NaN, Was Movie Actress And Radio Star In 1930S And 1940S

Nan Grey, blonde leading lady of 1930s films and 1940s radio who abandoned her career when she married singer Frankie Laine in 1950, died on her 75th birthday.

Miss Grey died Sunday at the Laines' San Diego home of heart failure, said Joseph Laredo, co-writer of Laine's autobiography.

Born Eschol Loleet Miller in Houston, she broke into films in 1934 as Nan Grey in "The Firebird." Over the next seven years, she appeared in two dozen films including "Three Smart Girls" in 1936, which introduced Deanna Durbin; its 1939 sequel, "Three Smart Girls Grow Up," and "Tower of London" that same year with Vincent Price and Basil Rathbone.

Other films included "Babbitt" in 1934, "Dracula's Daughter" in 1936, "The Storm" and "Girls' School" in 1938, and "The House of the Seven Gables" and "Margie" in 1940. Her final film was "Under Age" in 1941.

In the 1940s, the actress switched to radio, for seven years playing the female lead Kathy Marshall in the popular soap opera, "Those We Love."

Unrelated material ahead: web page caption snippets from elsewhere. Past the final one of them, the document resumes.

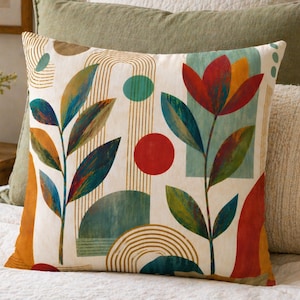 Mid Century Modern Throw Pillow Abstract Floral Boho Cushion Colorful Botanical Living Room Decor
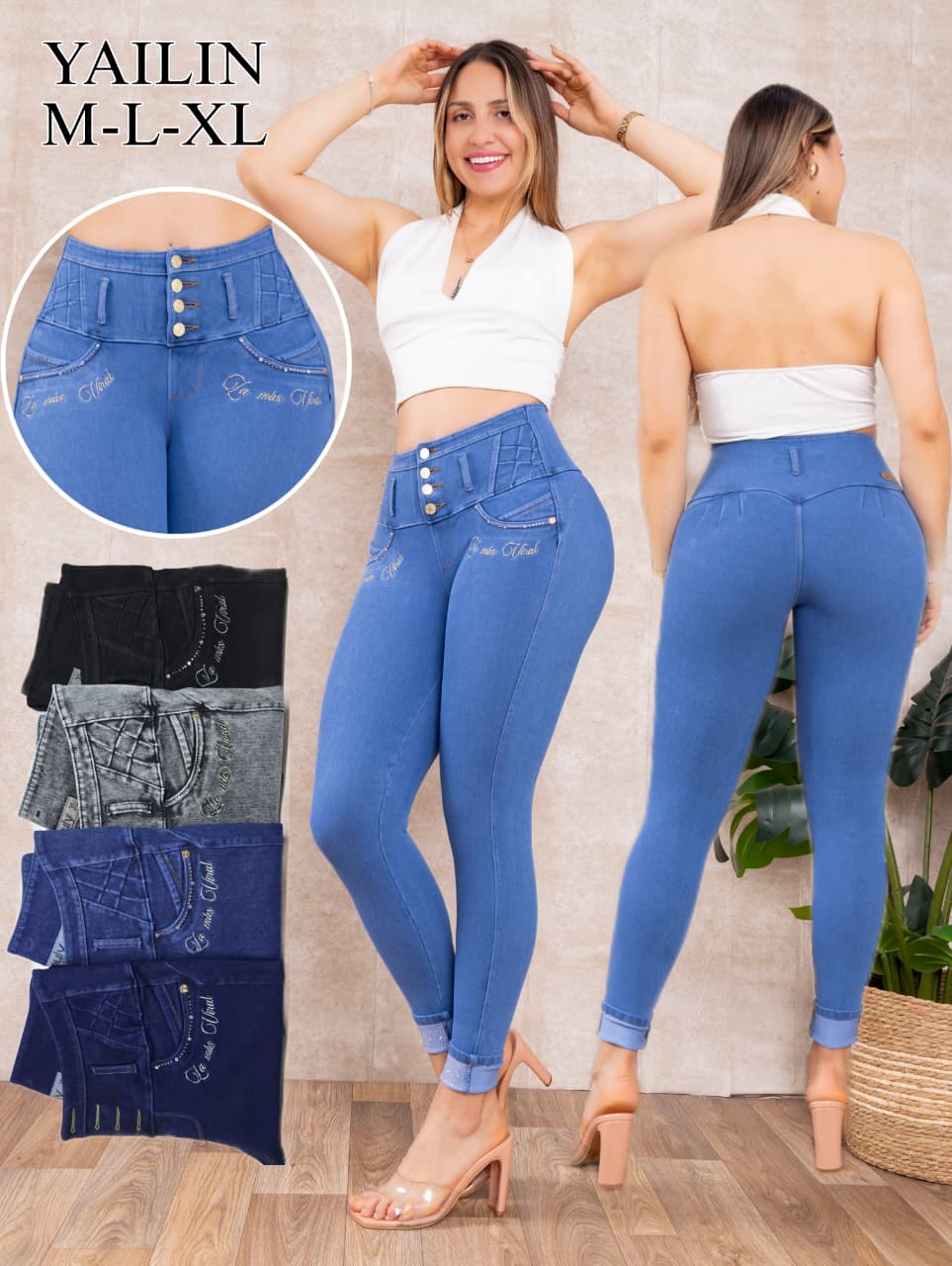 JEANS FAJERO 4 BOTONES COLOMBIANOS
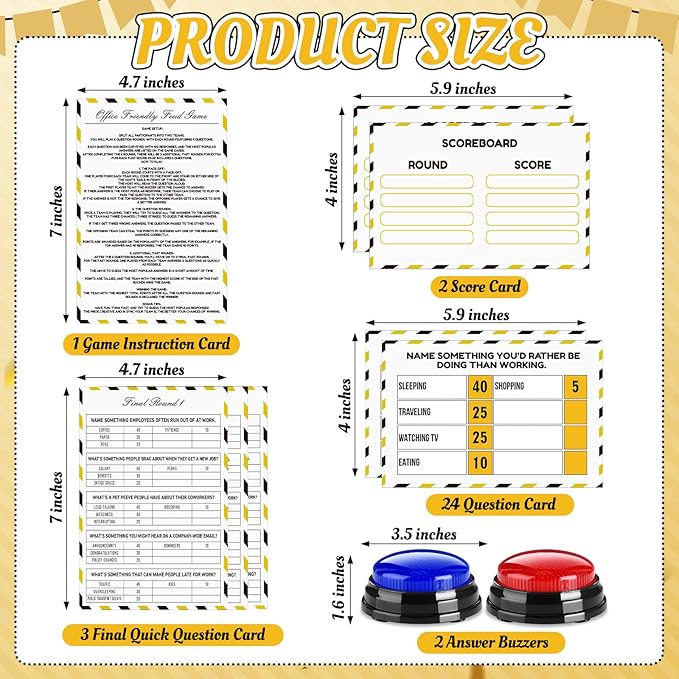 Office Party Friendly Feud Game with 2 Answer Buzzers Team Building Feud Cards for Family Game Night Fun Trivia Quiz for Work Staff Coworkers Groups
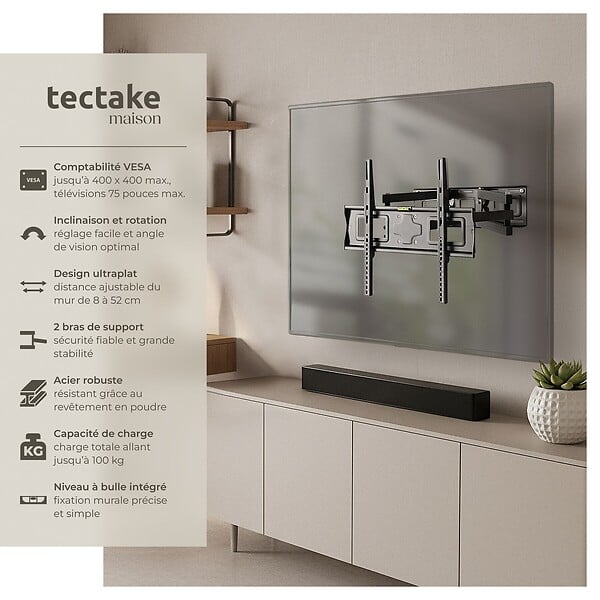 TECTAKE - Support mural TV 26"- 75" orientable et inclinable, VESA max.: 400x400, max. 100kg noir - large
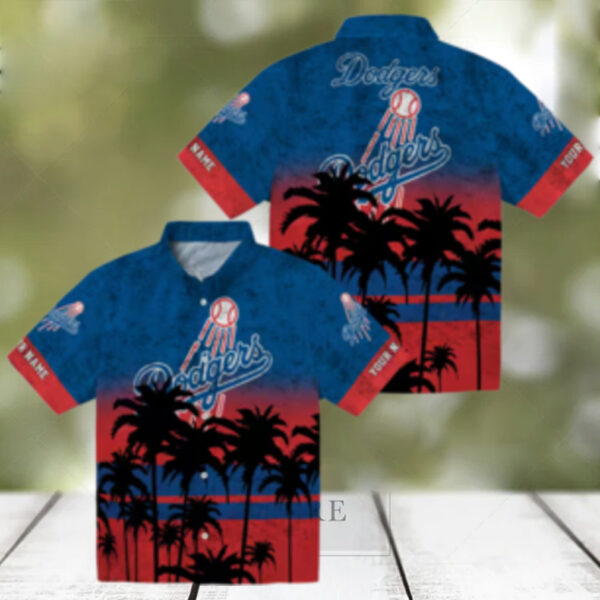 Men’s Los Angeles Dodgers Hawaiian Shirt   Black & Blue Sunset Vacation Outfit
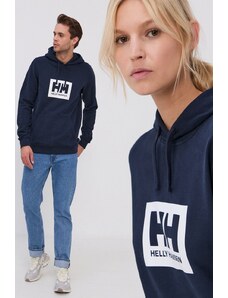 Bavlněná mikina Helly Hansen tmavomodrá barva, s potiskem, 62981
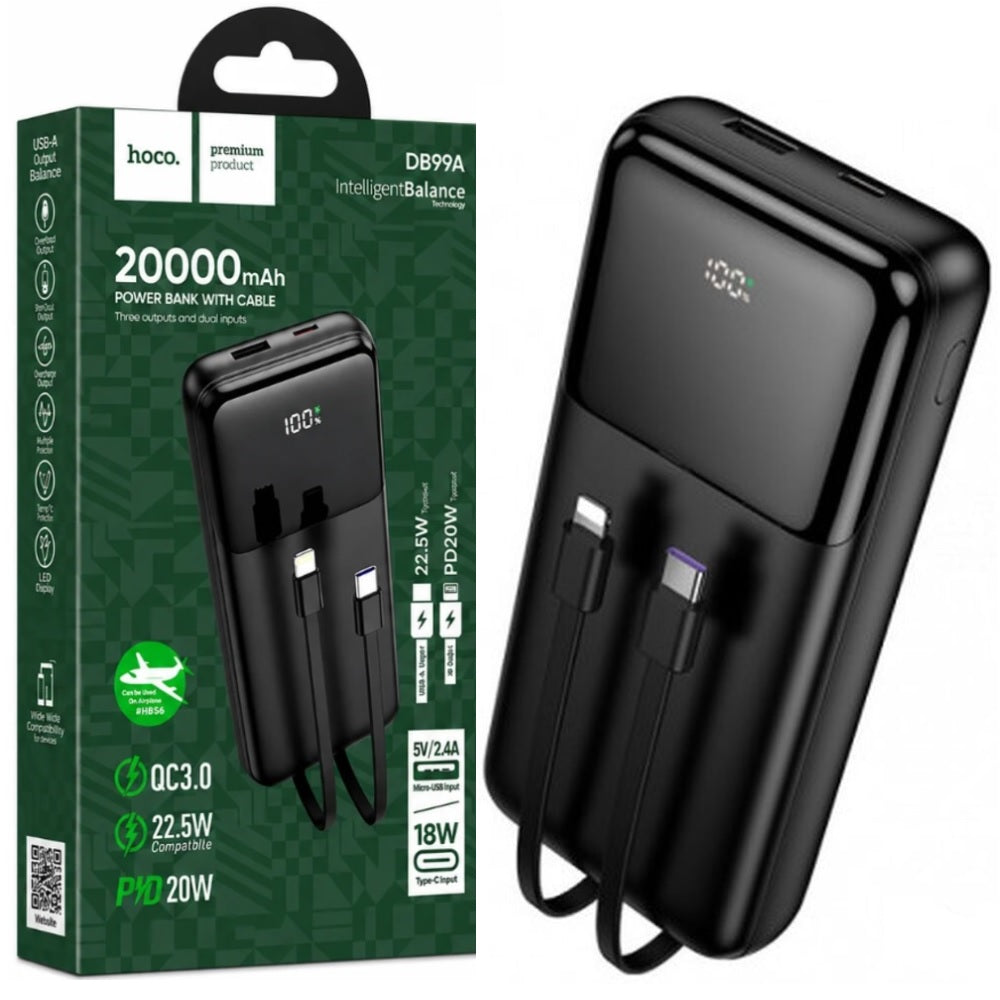 Power Bank 20000mAh Hoco DB99A PD20W 22.5W Negro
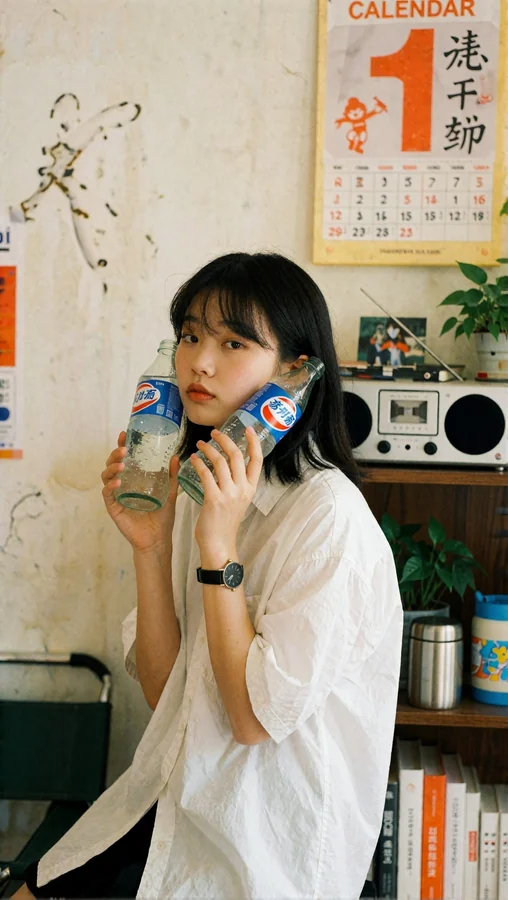 Young Woman Holds Bottles Against Wall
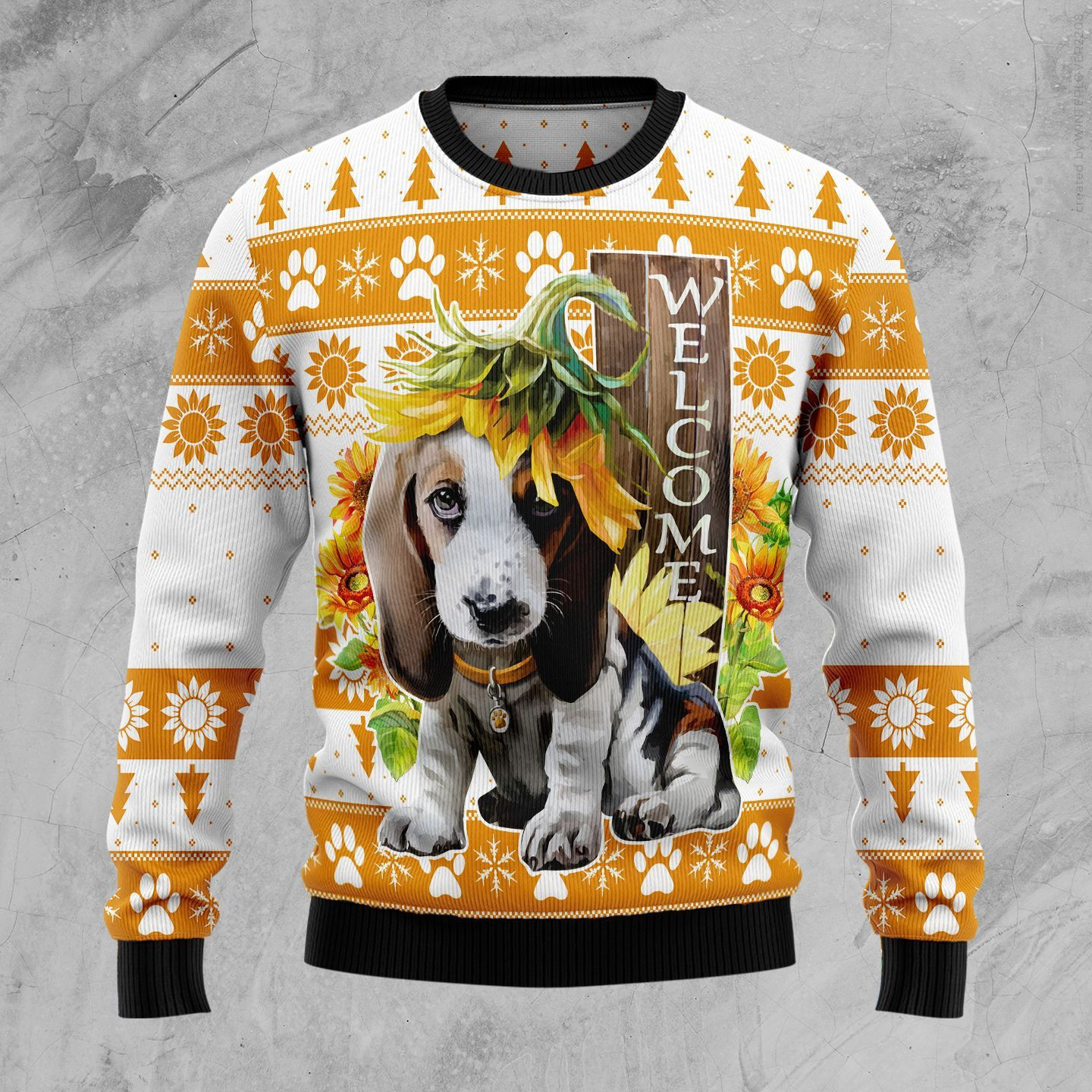 Beagle Sunflower Ugly Christmas Sweater Adult 3D Funny Matching for family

She met Laine at Hollywood's Cocoanut Grove nightclub and largely retired from show business after their marriage on June 15, 1950. She made one guest appearance on television with him in 1960 in an episode of "Rawhide," the Western series for which he recorded the theme song.

In the mid-1960s, Miss Grey marketed a special cosmetic mirror for nearsighted women, and numbered among her customers Princess Grace of Monaco.

In addition to Laine, she is survived by two daughters, Jan Steiger of Los Angeles, and Pam Donner of Beverly Hills, and four grandsons.